WHAT THIS TASK INVOLVES: Retype exactly every line from the one that includes "Обзор дома кухня смотреть онлайн" through the final line of the listing, both ends kept, and omit the pictures.

───── DATASET ─────

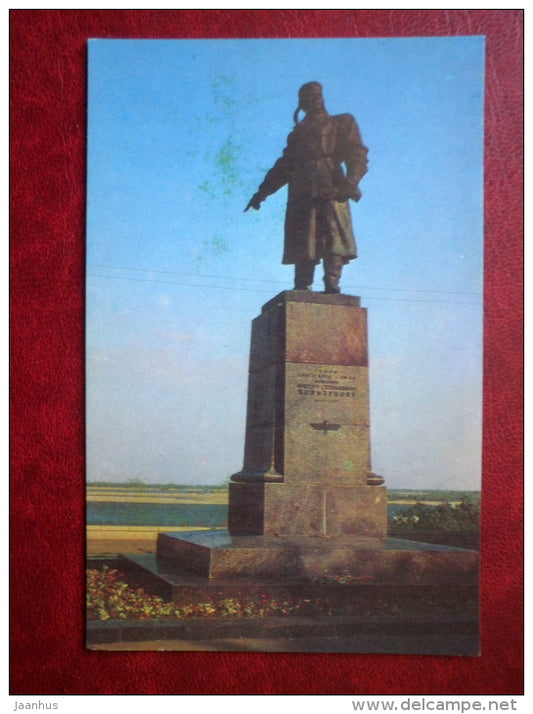 monument to the hero of the Soviet Union pilot V. Holzunov - Volgograd - 1970 - Russia USSR - unused - JH Postcards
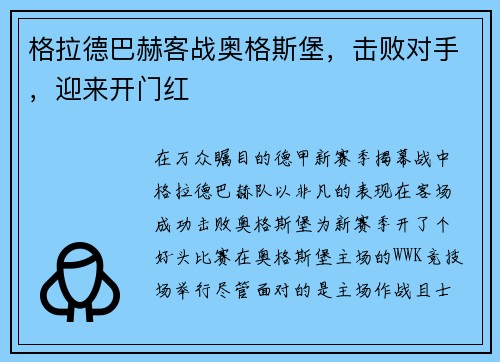 格拉德巴赫客战奥格斯堡，击败对手，迎来开门红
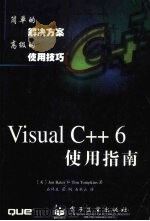 VISAUL C++ 6使用指南 1999 PDF电子版封面 7505348396 JonBates译;石祥生,翟炯,石秋云译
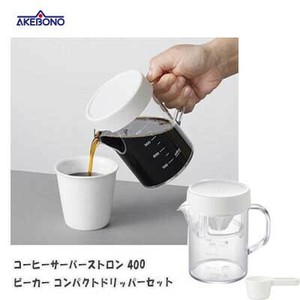 コーヒーサーバーストロン 400 ビーカー コンパクトドリッパーセット ホワイト TW-3767 曙産業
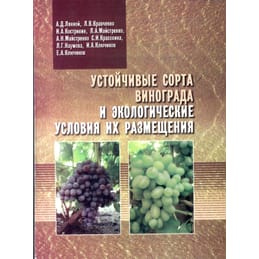 Устойчивые сорта винограда и экологические условия их размещения. Лянной А. Д., Кравченко Л. В., Кострикин И. А., Майстренко Л. А., Майстренко А. Н., Красохина С. И., Наумова Л. Г., Ключиков И. А., Ключиков Е. А. Коллекционная литература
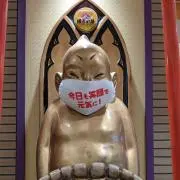 まーこの画像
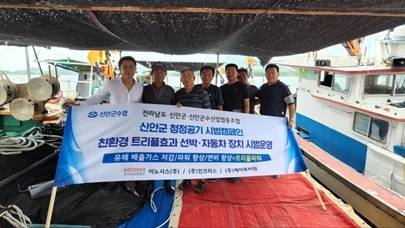 신안 암태 선주들(신안수협협동조합 제공)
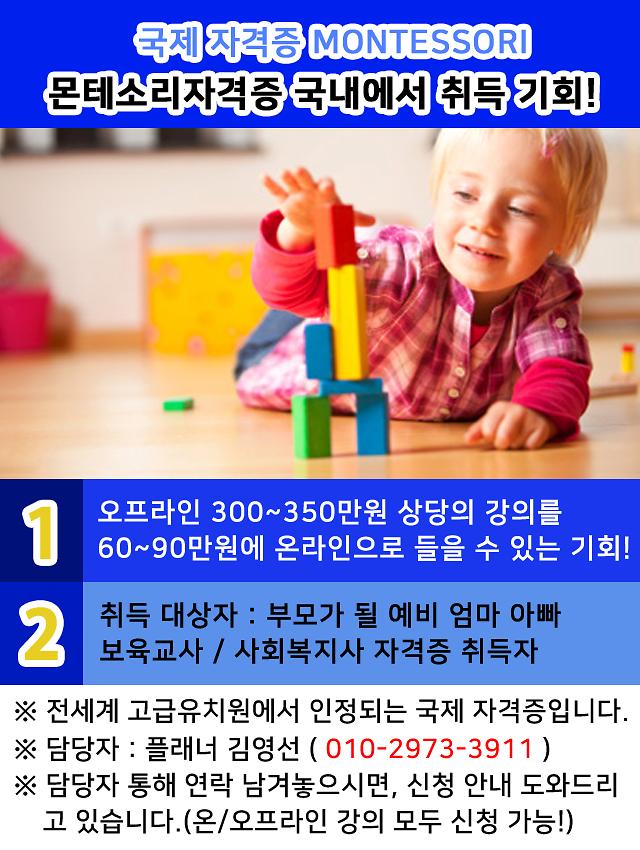 국제자격증몬테소리자격증(blue최종)1.jpg 이미지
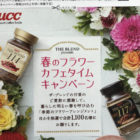 UCC ザ・ブレンド 春のフラワーカフェタイムキャンペーン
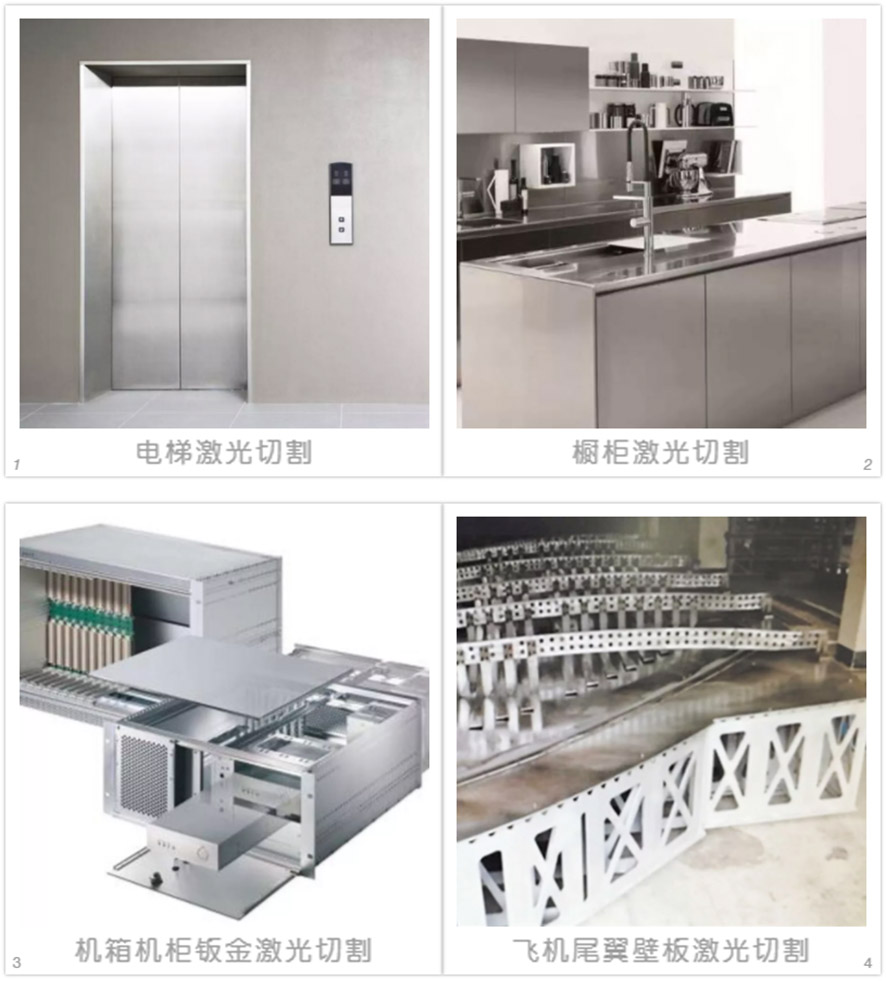 Wind系列光纖激光切割機工藝應用 Wind系列光纖激光切割機工藝應用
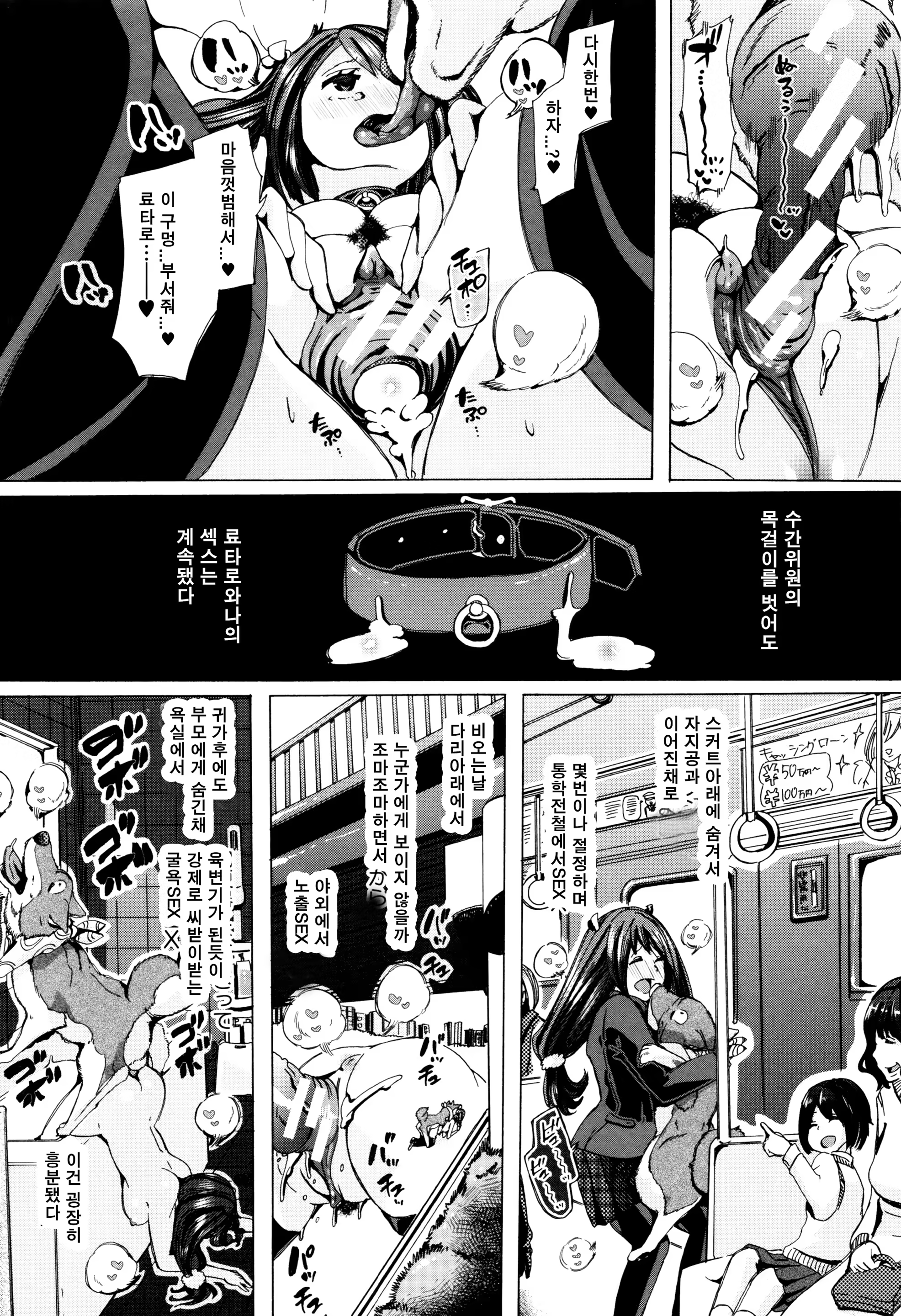 Content 1070017 - 143 페이지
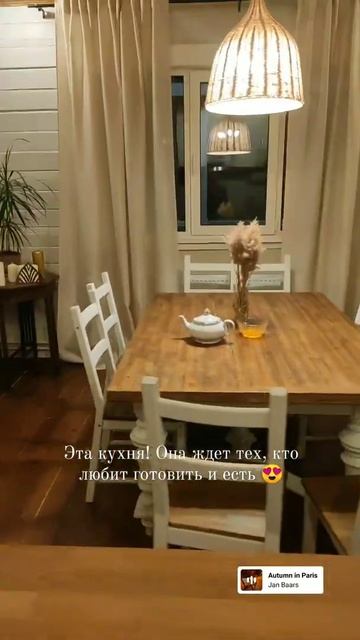 Обзор дома кухня смотреть онлайн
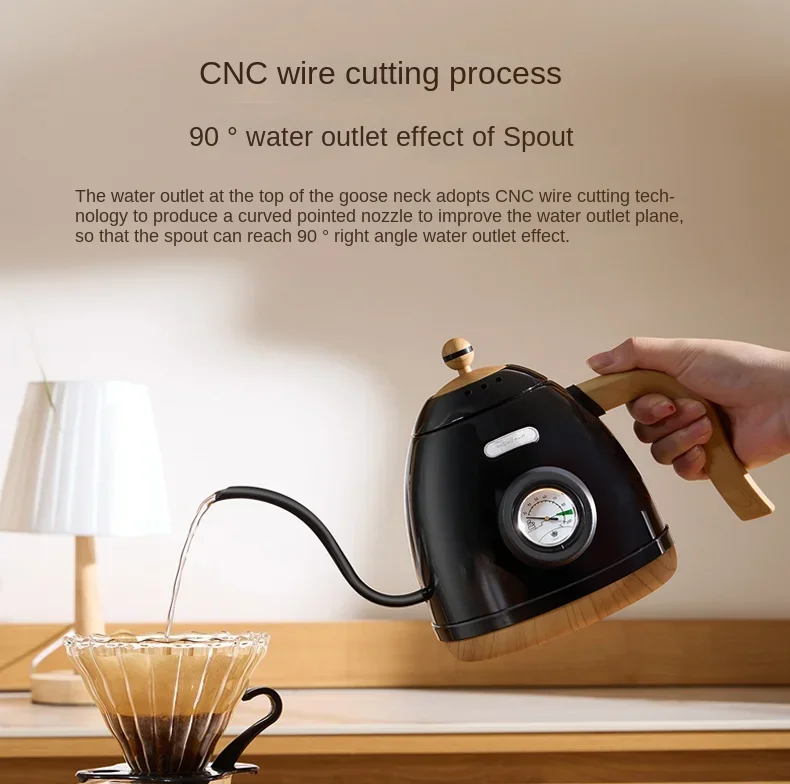 Электрический кофейный аппарат с регулятором температуры для идеально приготовленного кофе и чая, 220 В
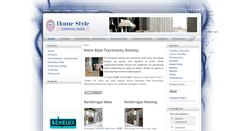Desktop Screenshot of homestyle.gr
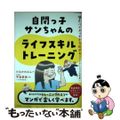 【中古】 自閉っ子サンちゃんのライフスキルトレーニング ハイタッチから広がるコミュニケーションの世界!/合同出版/たなかれもん
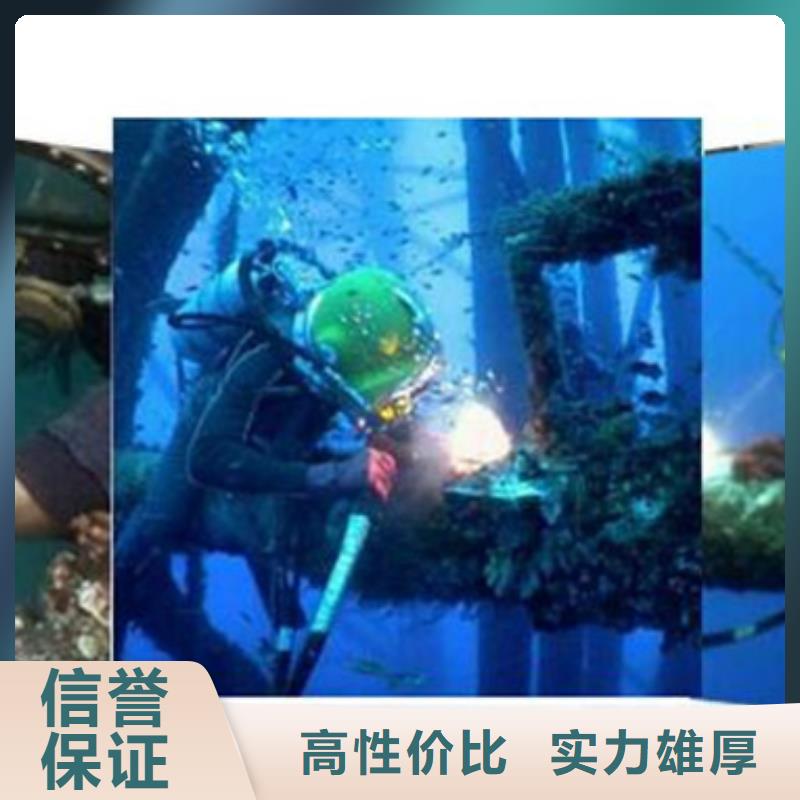 颍东区潜水打捞公司-当地水下工程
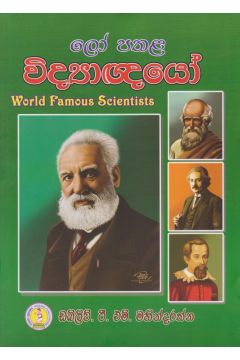 ලෝ පතළ විද්‍යාඥයෝ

─────

OUTPUT FOR THIS TASK:
 Обзор дома кухня смотреть онлайн
 Электрический кофейный аппарат с регулятором температуры для идеально приготовленного кофе и чая, 220 В
Desktop Screenshot of homestyle.gr
 【中古】 自閉っ子サンちゃんのライフスキルトレーニング ハイタッチから広がるコミュニケーションの世界!/合同出版/たなかれもん
 颍东区潜水打捞公司-当地水下工程
 ලෝ පතළ විද්‍යාඥයෝ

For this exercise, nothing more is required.